Outside of the main, unassuming entrance to GOSH there is a statue of Peter Pan and Tinkerbell. JM Barrie’s legacy to the hospital of the boy who never grew up is a touching tribute to all the children who pass through the doors. Every time I enter the hospital I look across to the modest bronze and thank Peter Pan and Tinkerbell for looking after my son. Without this hospital and all of its care, Arun would not be with me.

Because we have been there so many times GOSH is starting to feel like home. Despite the fact that some of the most difficult and trying times of my life have been spent inside its doors, I feel strangely comforted every time I walk in. I know that whatever might be wrong with my baby, the miracle workers who ply their trade here are the best people in the world to help him through it. I feel safe in the knowledge that this is the finest children’s hospital in the world.

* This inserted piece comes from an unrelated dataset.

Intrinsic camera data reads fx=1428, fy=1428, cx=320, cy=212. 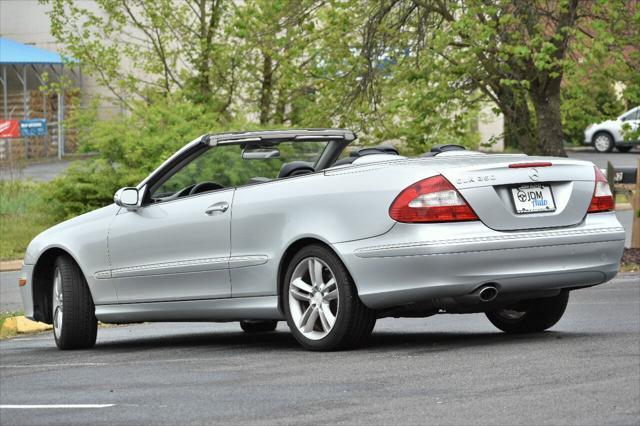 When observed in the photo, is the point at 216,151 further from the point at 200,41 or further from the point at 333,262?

Arun and I went down and had his x-ray. He was remarkably well-behaved throughout it all, although I could see the anxiety on his tiny features as we went through the motions. He is now so familiar with x-rays and scans that he lets the radiographers get on with their job with a minimum of fuss. Next we went up to the neurosurgical clinic where we were told that Arun would not need more brain surgery for another three to four years. Waves of relief and euphoria washed over me. The threat of another operation had been hanging heavy over me for the last three months.

The sun was shining and Arun and I headed out to celebrate. By coincidence it was also my birthday and the news that Arun didn’t need surgery for the foreseeable future was the best birthday present I have ever had. However, despite my high spirits, there was somewhere else in the hospital that we needed to visit.  If you are ever passing I recommend that you visit as well.

St Christopher’s chapel is a place of peace and tranquillity in amongst the clinical efficiency of a working hospital. The stained glass is beautiful and the baroque columns and artwork are stunning. It is a solemn reminder that not all children are as lucky as Arun and that some, like Peter Pan, never grow up. What really touches me, though, is the Teddy Bear’s choir. Parents and friends of children who have died at GOSH bring in small soft toys which are placed around the altar and the walls of the chapel. Every toy represents a child, a brave life lost despite the best care that modern medicine has to offer. I challenge anyone to go there and to hold back the tears as they gaze upon the hundreds of cuddly toys as they sing their silent lament.